By Meaghan Richens
Ontario Premier Kathleen Wynne took questions from a rowdy crowd at a recent town hall event in Ottawa.
More than 300 people packed an auditorium and overflowed into the lobby at Ben Franklin Place in Nepean at the Jan. 18 event.
The bear-pit session took place just a week before allegations of sexual misconduct against provincial Progressive Conservative leader Patrick Brown — whose party had been leading the polls for months ahead this year’s June 7 Ontario election — toppled Wynne’s main political opponent.
In her first town hall of the new year and her third one in recent months, Wynne took questions from the audience for about 90 minutes.
With the provincial vote less than five months away, Wynne fielded questions on marijuana legalization, the highly controversial minimum-wage hike to $14/hour and other high-profile issues.
The question period was moderated by Cherlyn Jensen, president of Algonquin College.
The first subject of the evening was the province-wide faculty strike that saw 500,000 college students — including those at Algonquin — out of class for five weeks.
Wynne expressed regret for students who were caught up in the middle of negotiations.
“I believe in the collective bargaining process,” said Wynne, but she admitted that it was a learning experience for “how we can do this differently.”
Several audience members expressed concern about incoming marijuana legalization legislation.
“It is a big shift,” Wynne said, but emphasized that the safety of youth is a priority.
“At the heart of it is the attempt to make it safer,” Wynne said of the provincial marijuana legislation. “If we can undercut the black market, if we can put in place some of the controls that are in place around alcohol for example . . . And there’s more education, because I think that is a big key. We have not done a systematic education of people about what is in the marijuana that’s available today and how it is safely used.”
Bob Farmer, representing the Canadian Federation of Pensioners, asked if pensioners will be protected.

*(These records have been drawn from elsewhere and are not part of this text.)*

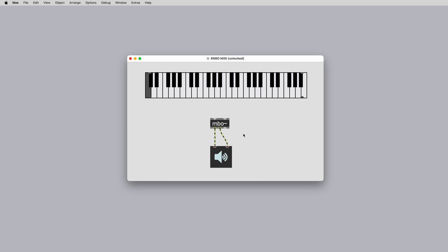Whether you're using Rainbow in Max or in one of the available export targets, MIDI is one of the main communication methods that you can use to control your Rainbow patches. If you're already familiar with using MIDI in Max, the implementation is very similar in Rainbow.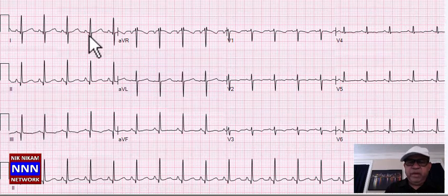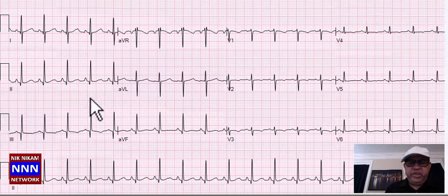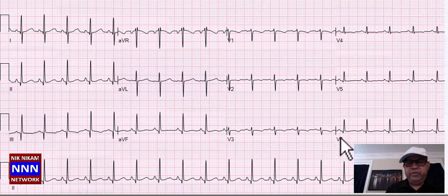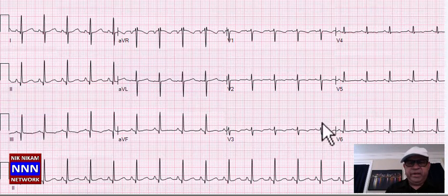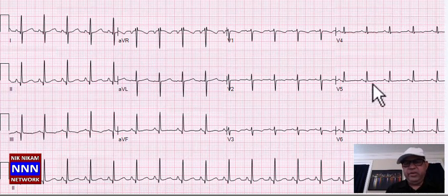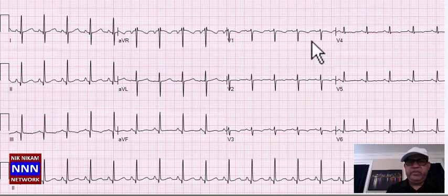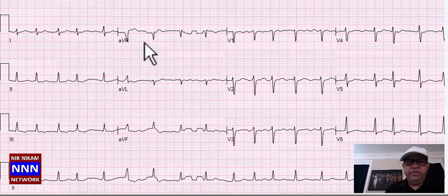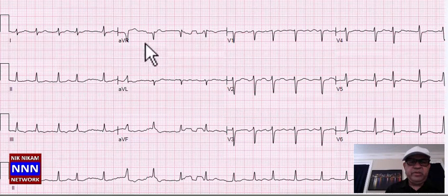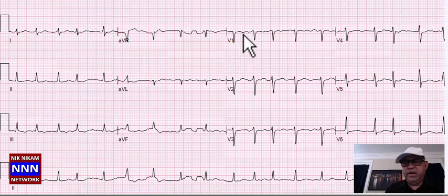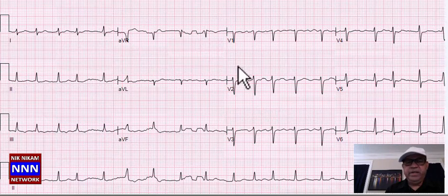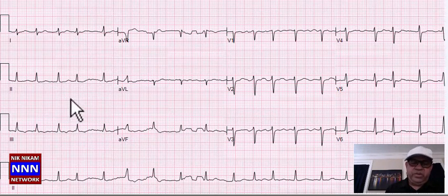Here's the next EKG — the rate is pretty fast at about 114. Sometimes we see ST-T changes related to rate, and when the rate slows down they may normalize. Nonetheless, this is sinus tachycardia with non-specific ST-T changes.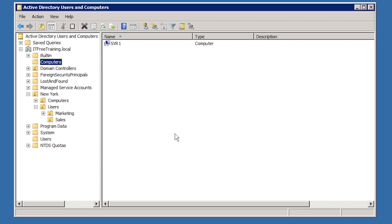When a computer is joined to the domain, the computer will ask for a restart. One trick I like to do is before the restart, move the computer account to the correct location. By doing this, when the computer is restarted, the computer account will be in the correct location. If you move the computer account later on, you will need to perform a second restart after the computer account has been moved.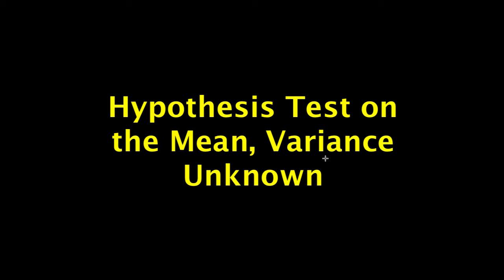Hello and welcome to this video on performing a hypothesis test on the population mean when the population variance is unknown.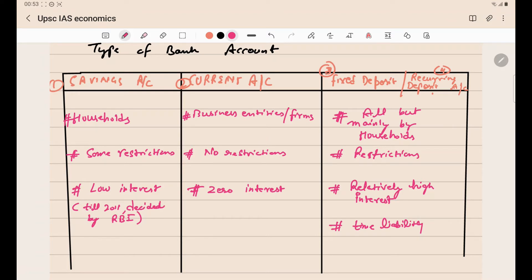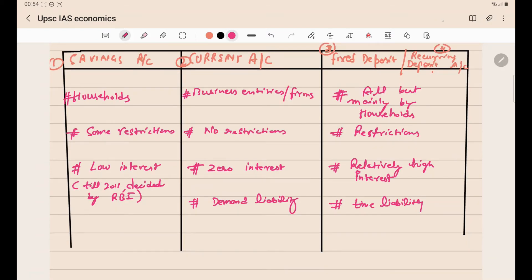Current accounts are demand liabilities for the bank because a firm can come to the bank at any time and demand 1 crore or 2 crore rupees — the bank has to give it and cannot refuse. Savings accounts have both demand liability and time liability for the bank. It is demand liability because any customer can demand money up to a particular limit and the bank has to give it — though there are restrictions. It is also a time liability because within a particular time frame the bank has to return the customer's money.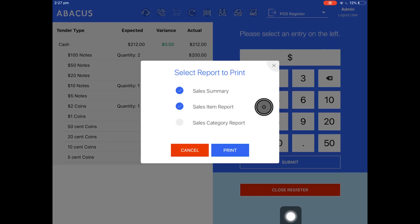The next one is sales item report. This will show you all of the items that you've sold and how much money you've made from those products.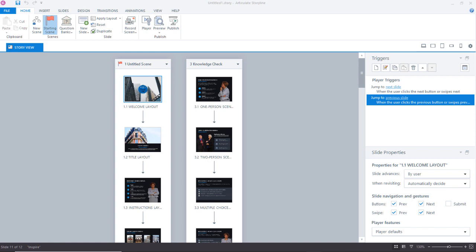So let's dive right in and take a look at this time-saving new feature. The Storyline project that you see here is comprised of a series of slides that I downloaded from Articulate's content library. These ready-made slide templates make it really easy to get up and running with a new Storyline project, and they come complete with interactions,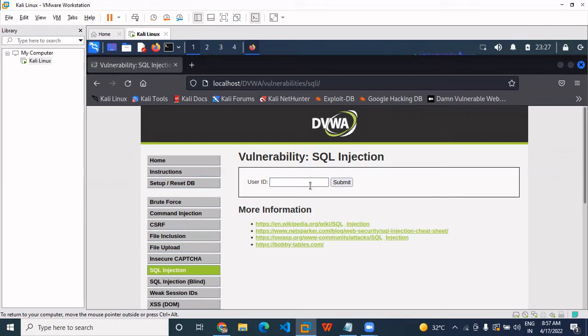Hello guys, today we are doing a SQL injection in DVWA. So let's get started.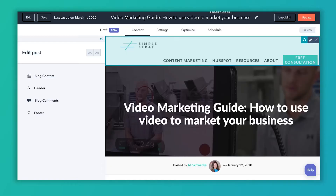I have an example pulled up of a video marketing guide that we created a couple of years ago, and I'm going to walk through this to show you exactly what I'm talking about. Right now I've got that blog post pulled up inside of HubSpot. This interface, depending on what level of HubSpot you're in — HubSpot blogging is only available inside of Marketing Pro or Marketing Enterprise Edition. This interface may look a little bit different depending on your blog template, but the tips remain the same.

“My priority and focus would be to make sure that people who have saved all their lives and paid into a pension plan are treated fairly,” Wynne said.
A larger challenge, said Wynne, are the “many, many people who don’t have a pension at all.”
The subject of elder abuse in long-term care facilities came up more than once.
“Elder abuse…When will it stop and when will the ministry release an honest survey of the nursing homes and abuse in this province?” asked local resident Shirley Mosley.
“There is not a person in this room or in the lobby who doesn’t believe that we need to treat, in our society, elderly, vulnerable people with respect, with gentleness,” Wynne responded.
“We have increased vigilance,” responded Wynne. “We have increased the tools that the ministry and the healthcare system have to monitor what goes on in our long-term care and retirement homes.”
As the evening went on, the crowd grew more raucous.
As one man began to ask a question in French, someone in the crowd shouted: “English!”
At another point, a young man compared Wynne’s minimum-wage increase as “akin to socialism, which destroyed Russia under the Soviet Union.”
As Wynne thanked everyone for coming, a heckler interrupted, shouting, “You’re ruining our province!”
“There are lots of strong feelings about these subjects. That’s why I’m here,” said Wynne. “Because we have strong feelings about the things that we believe in. I need to hear those and I need to understand the issues.”